See Complaint ¶¶ 44-60.
Finally, it is not clear that Blue Shield “does business” in Utah through the BlueCard Program, nor that it would be relevant to the present Motion if it did. As discussed, all evidence that is likely to be introduced in this case is in California rather than Utah. And several courts examining the BlueCard program have concluded that the provision of out-of-area health coverage to members of the various Blue Cross or Blue Shield entities throughout the United States does not create sufficient contacts to establish jurisdiction where the medical services are rendered. “[M]erely providing out-of-state health coverage to insureds does not subject an insurer to personal jurisdiction in every foreign state in which an insured happens to obtain medical services.” Blue Shield does not “do business” in Utah through its participation in the BlueCard program.
Craig Hospital v. Empire Healthchoice, Inc., No. 18-cv-00794-WYD-STV, 2019 WL 10258608, at *4-5 (D. Colo. Apr. 1, 2019); Angel Jet Servs., L.L.C. v. Red Dot Bldg. Sys.'s Employee Ben. Plan, No. CV-09-2123-PHX-GMS, 2010 WL 481420, at *4-5 (D. Ariz. Feb. 8, 2010); Bayada Nurses, Inc. v. Blue Cross Blue Shield of Mich., No. 08-1241, 2008 WL 2945388, at *4 (E.D. Pa. July 30, 2008).
St. Luke's Episcopal Hosp. v. La. Health Serv. & Indem. Co., No. H-08-1870, 2009 WL 47125, at *8 (S.D. Tex. Jan. 6, 2009)

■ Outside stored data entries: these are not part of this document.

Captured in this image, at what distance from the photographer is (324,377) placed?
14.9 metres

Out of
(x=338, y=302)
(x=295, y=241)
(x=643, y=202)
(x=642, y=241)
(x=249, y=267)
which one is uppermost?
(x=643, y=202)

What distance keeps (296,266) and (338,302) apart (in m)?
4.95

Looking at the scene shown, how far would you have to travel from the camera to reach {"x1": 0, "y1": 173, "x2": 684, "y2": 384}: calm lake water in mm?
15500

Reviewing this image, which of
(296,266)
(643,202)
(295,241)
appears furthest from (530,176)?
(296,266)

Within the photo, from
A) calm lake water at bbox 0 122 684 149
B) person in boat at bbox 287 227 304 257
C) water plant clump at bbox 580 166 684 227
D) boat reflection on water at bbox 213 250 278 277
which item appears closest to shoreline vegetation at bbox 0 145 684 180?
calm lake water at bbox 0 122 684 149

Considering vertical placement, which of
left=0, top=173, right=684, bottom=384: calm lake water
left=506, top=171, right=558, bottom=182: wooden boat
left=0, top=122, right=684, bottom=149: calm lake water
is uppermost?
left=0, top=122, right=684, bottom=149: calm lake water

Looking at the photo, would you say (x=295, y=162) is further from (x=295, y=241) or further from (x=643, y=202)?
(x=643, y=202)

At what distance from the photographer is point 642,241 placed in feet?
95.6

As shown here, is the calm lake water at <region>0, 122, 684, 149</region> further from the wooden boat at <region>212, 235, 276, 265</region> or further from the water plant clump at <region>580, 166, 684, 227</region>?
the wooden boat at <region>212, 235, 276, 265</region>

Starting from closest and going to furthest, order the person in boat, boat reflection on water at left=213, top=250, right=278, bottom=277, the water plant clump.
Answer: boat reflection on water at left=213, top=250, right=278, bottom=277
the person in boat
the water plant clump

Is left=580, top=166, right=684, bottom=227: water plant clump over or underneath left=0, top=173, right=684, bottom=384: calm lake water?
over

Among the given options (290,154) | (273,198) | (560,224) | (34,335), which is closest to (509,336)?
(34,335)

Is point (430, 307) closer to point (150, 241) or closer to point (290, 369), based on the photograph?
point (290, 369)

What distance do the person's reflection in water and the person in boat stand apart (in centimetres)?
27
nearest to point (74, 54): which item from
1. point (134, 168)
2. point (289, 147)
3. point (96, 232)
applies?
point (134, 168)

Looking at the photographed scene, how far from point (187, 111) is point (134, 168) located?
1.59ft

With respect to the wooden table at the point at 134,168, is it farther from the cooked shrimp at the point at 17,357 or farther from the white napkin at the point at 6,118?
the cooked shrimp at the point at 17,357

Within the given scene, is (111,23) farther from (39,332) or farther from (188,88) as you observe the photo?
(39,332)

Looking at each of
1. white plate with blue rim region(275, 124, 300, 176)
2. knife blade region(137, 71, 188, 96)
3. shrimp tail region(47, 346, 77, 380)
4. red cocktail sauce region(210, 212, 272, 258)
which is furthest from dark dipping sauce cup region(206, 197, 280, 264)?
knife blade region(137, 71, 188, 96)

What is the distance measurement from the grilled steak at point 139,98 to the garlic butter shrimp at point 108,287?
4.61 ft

While Plaintiffs argue that it is more convenient for them to litigate this case in Utah, all parties and any likely witnesses are all located in California. These factors weigh in favor of transferring venue.

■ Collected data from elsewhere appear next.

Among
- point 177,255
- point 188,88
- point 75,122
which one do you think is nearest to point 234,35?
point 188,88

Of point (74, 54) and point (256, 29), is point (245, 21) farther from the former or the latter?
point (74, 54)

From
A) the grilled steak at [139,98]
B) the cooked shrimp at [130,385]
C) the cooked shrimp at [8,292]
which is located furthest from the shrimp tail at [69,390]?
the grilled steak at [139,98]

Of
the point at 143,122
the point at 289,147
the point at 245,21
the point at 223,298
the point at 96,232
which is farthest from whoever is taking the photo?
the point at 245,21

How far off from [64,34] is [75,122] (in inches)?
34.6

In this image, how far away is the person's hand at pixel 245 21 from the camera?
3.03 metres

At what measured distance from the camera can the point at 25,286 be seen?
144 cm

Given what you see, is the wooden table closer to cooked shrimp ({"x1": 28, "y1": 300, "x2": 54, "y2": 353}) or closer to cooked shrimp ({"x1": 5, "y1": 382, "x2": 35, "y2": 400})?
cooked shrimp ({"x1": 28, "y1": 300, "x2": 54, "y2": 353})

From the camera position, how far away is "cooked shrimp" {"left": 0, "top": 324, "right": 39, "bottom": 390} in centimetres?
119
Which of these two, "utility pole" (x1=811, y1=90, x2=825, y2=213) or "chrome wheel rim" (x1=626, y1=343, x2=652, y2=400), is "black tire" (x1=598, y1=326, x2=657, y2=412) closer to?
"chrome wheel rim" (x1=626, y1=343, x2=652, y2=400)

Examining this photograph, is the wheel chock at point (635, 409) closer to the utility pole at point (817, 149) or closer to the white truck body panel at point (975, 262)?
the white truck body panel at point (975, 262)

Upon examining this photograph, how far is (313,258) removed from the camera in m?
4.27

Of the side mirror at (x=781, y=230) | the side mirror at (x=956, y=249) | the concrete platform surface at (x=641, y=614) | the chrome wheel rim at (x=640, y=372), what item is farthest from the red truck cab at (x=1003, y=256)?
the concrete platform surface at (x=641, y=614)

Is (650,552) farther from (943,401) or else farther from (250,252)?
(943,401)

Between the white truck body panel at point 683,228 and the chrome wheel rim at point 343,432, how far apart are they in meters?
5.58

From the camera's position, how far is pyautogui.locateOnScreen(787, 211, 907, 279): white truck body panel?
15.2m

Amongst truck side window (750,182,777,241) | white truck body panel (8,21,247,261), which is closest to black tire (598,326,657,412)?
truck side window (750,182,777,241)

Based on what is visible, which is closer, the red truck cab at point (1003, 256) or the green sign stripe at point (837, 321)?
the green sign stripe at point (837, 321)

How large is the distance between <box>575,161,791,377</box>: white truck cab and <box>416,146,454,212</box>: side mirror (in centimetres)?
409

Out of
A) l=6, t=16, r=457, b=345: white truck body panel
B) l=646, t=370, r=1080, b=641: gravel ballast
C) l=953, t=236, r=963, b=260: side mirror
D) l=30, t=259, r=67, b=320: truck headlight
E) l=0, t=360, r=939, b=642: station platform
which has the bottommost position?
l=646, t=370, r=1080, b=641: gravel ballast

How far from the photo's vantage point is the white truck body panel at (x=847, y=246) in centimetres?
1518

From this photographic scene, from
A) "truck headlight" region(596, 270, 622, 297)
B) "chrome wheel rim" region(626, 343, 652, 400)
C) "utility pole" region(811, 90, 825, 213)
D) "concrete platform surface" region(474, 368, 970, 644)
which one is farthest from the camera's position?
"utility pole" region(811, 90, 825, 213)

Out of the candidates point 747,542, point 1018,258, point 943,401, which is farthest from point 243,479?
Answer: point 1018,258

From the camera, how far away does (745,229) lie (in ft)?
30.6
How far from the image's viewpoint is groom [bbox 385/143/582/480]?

4. The familiarity of judges in the Northern District of California with Plaintiff's claims and the subject matter of the case.
As Blue Shield points out, the judges of the Northern District of California are particularly familiar with California's state regulation of “health care service plans” like Blue Shield through the DMHC. Blue Shield cites a No. of decisions from the Northern District of California that address ERISA denial-of-benefits litigation concerning Blue Shield, and in some cases also addressing the DMHC independent medical review apparatus available under California state law. These considerations also weigh in favor of transferring venue.

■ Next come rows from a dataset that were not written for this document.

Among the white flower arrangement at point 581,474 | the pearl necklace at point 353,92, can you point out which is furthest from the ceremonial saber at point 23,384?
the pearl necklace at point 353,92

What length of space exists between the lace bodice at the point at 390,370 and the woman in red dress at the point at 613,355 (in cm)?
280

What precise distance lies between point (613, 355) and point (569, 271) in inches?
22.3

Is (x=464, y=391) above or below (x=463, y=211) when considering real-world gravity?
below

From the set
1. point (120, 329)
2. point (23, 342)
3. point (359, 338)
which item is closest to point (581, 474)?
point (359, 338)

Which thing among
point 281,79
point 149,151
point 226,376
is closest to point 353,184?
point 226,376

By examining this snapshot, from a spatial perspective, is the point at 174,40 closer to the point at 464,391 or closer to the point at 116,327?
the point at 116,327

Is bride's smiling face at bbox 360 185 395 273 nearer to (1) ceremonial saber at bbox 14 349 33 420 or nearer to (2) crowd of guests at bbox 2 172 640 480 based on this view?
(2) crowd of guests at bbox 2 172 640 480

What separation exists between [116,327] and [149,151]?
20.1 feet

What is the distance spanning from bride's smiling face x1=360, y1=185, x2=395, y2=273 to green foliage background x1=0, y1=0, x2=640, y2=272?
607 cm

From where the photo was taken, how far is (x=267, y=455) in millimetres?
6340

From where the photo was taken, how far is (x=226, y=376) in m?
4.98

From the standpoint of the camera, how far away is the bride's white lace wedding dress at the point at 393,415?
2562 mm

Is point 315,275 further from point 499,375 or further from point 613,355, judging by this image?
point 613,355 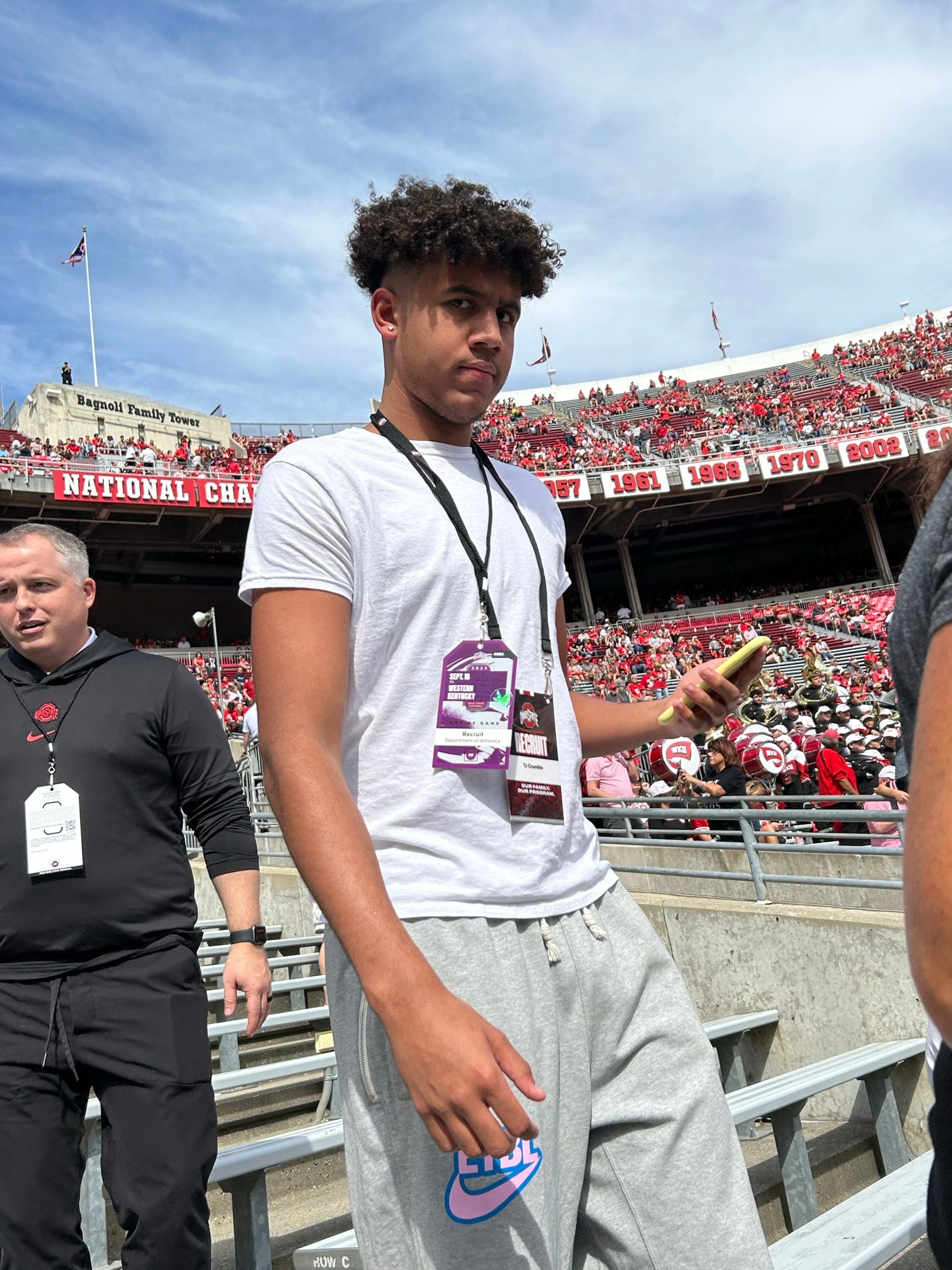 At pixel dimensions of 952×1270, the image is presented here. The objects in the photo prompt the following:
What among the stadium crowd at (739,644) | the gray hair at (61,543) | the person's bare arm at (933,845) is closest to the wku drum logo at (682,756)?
the gray hair at (61,543)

Motion p. 9; see also Cal. Health & Saf. Code §§ 1341, 1345(f) (defining “health care service plan”).
See, e.g, Josef K. v. California Physicians' Serv., 477 F.Supp.3d 886, 896-97 (N.D. Cal. 2020); Brian H. v. Blue Shield of California, 2018 WL 5778318, at *1 (N.D. Cal. Nov. 1, 2018), aff'd, 830 Fed. App'x 536 (9th Cir. Dec. 2, 2020); Des Roches v. California Physicians' Serv., 320 F.R.D. 486, 502-03 (N.D. Cal. 2017); Krysten C. v. Blue Shield of California, 2016 WL 5934709, at *3 (N.D. Cal. Oct. 11, 2016), aff'd 721 Fed.Appx. 645 (9th Cir. Jan. 9, 2018).
In sum, the Northern District of California “is the forum with the greatest connection to the operative facts of this case and, under practical consideration of the facts, is the most appropriate forum for this case.” Blue Shield has met its burden of establishing that the District of Utah is an inconvenient forum and that the Northern District of California is a more convenient forum. Accordingly, it is appropriate to transfer the venue of this case to the Northern District of California.
IHC Health Servs., Inc., 2016 WL 4769342, at *9.
ORDER
For the foregoing reasons, IT IS HEREBY ORDERED that Defendant's Motion to Transfer Venue Under the Doctrine of Forum Non Conveniens is GRANTED.
Docket no. 9, filed April 23, 2021.
IT IS FURTHER HEREBY ORDERED that this case is transferred to the Northern District of California as a more convenient forum.